In my opinion, one of the major achievements of the project was the establishment of the CAREN Cooperation Center (CAREN CC), that was established in 2017 and that took the lead on behalf of all NRENs. From GÉANT’s point of view we see a strong value in having regional coordinators, to facilitate work with international donors, aggregate the demand and spread the knowledge.
CAREN3 is the last successful chapter in a series of collaboration initiatives in Central Asia. What does the project owe to its predecessors?
The history of networking in Central Asia goes back decades, to the SILK project initially funded by NATO. Ever since then there was a succession of different projects that helped the establishment of NRENs, engagement of the R&E community and networking. Since 2009 the European Union (through DEVCO) started funding the series of CAREN projects, coordinated by GÉANT. During my past six years at GÉANT, I participated in various roles in CAREN and succeeded GÉANT’s David West in the project manager role.

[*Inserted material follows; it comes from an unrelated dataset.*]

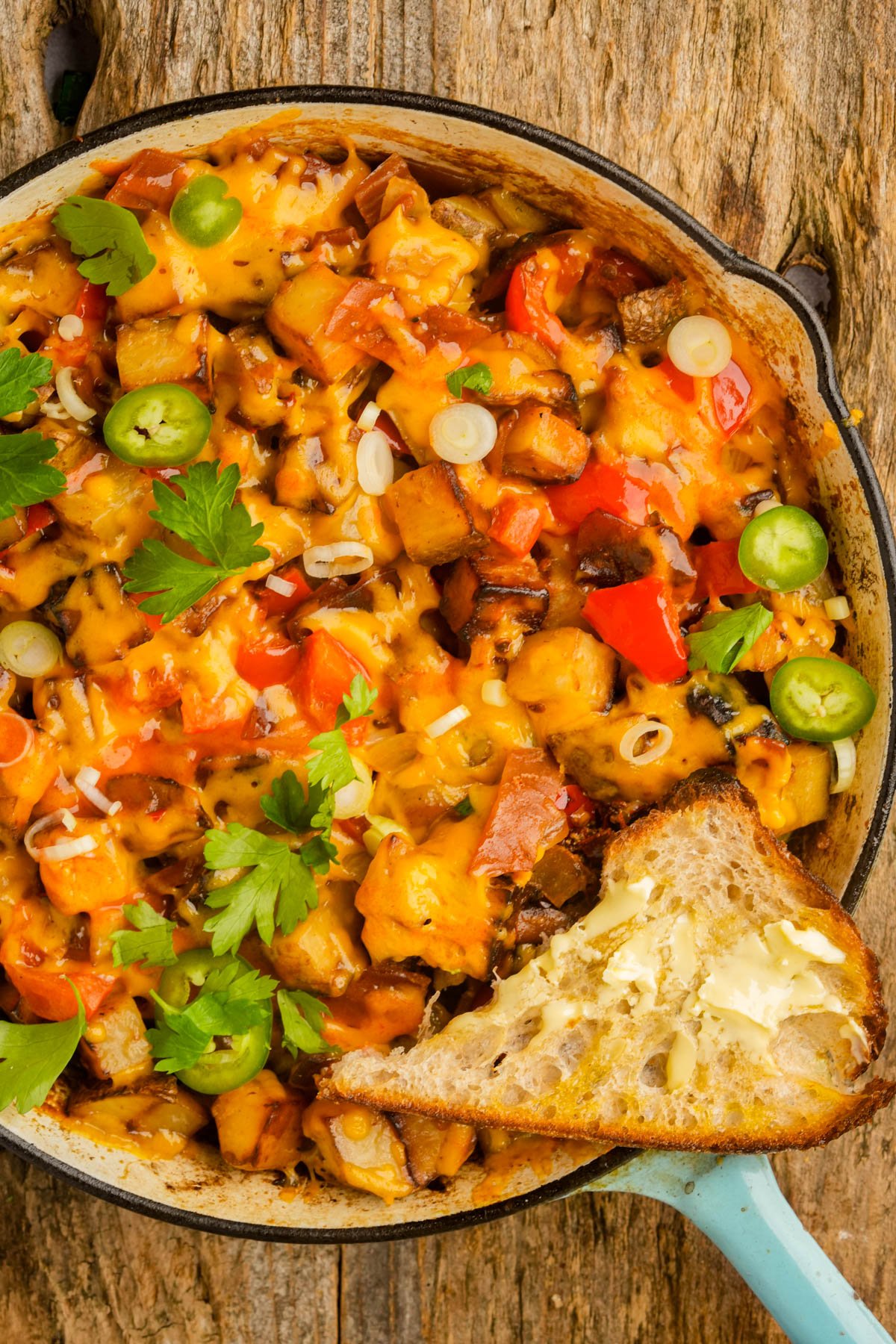 A skillet filled with cheesy vegan breakfast hash topped with herbs and sliced jalapeños, with a slice of buttered toast on the side, placed on a rustic wooden surface.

It should be noted however that David was the main lead during most of the project’s lifetime and that he has been instrumental in its success, together with a strong team of people who worked together for the past 10+ years. Among them Istvan Tetenyi from the Hungarian Institute for Computer Science and Control (SZTAKI), CAREN technical coordinator and closely collaborating with GÉANT in procurement, technical management of the services and network roll-out; Robert Janz, based at the University of Groningen and involved since the initial NATO projects; Askar Kutanov, pioneer and ambassador of the initiative in Central Asia and current director of the CAREN CC; Zarlyk Jumabek Uulu leading the CAREN Network Operations Centre (NOC).

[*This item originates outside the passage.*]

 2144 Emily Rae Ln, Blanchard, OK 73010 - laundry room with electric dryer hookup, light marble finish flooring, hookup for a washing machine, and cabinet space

After more than 10 years, the project just came to a conclusion in December 2019. Will this mark the end of CAREN?
Here we need to make a distinction between CAREN as a project, CAREN as a regional body and CAREN as a network for Central Asia. So yes, unfortunately the European Union was unable to secure sufficient commitment from the Central Asia governments to continue with a CAREN project. This is very unfortunate, especially in light of the recently published strategy on EU-Asia connectivity, with which the CAREN project was very much in line.

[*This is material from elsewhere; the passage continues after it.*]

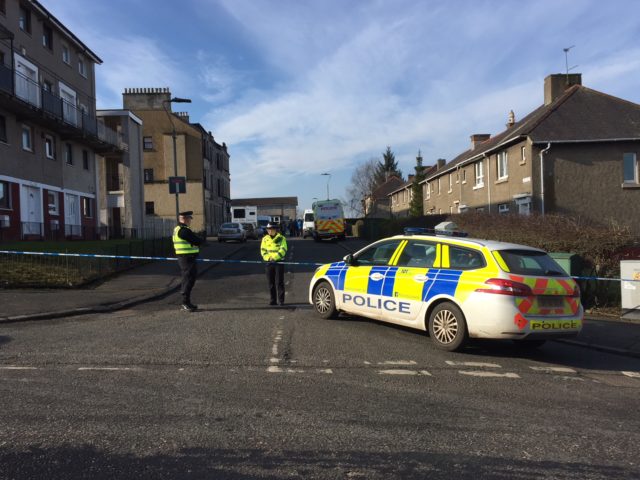 Police officers remain at the scene of the shooting in residential area of Cambuslang (Paul Ward/PA)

However, CAREN as a regional network remains connected to GÉANT. In fact, following the end of the project, GÉANT and the CAREN CC signed a Memorandum of Cooperation [MoC], serving as a basis for our future collaboration. Together we will continue to work on improved connectivity between the two regions, and on fostering scientific collaboration between user communities in Central Asia and Europe, specifically in the areas of climate change, seismology, water management, telemedicine, cultural heritage, educational support and gender inclusion. Additionally, there will be further collaboration on the provision of services in the CAREN region and on joint marketing and visibility activities.
Equally, within the region, the countries involved will still collaborate and maintain the regional function, through the coordination of CAREN CC.
What are your expectations for the future of academic collaboration between Europe and Central Asia and what would you like to suggest to the new coordination team at CAREN CC?
I very much hope that there will be renewed funding opportunities for R&E Networks in Central Asia, or for a further phase of CAREN project, to support and build on the work we have done, address the requirements described by the strategy on EU-Asia connectivity, and also to promote and further develop the activities of the region. The contribution that Central Asia makes to global research is invaluable. In that respect I have high hopes and expectations. However, funding will be a key aspect to tackle: we will have to see how the current global pandemic will influence governments and I hope their digital agenda will remain a top priority.
My personal suggestion to the coordinator is to continue to be proactive, and to remember that GÉANT and CAREN CC share a history of collaboration which should continue. CAREN is part of our community, and we would also like to continue strengthening our relationship. It’s only through the power of human networking that we can improve together.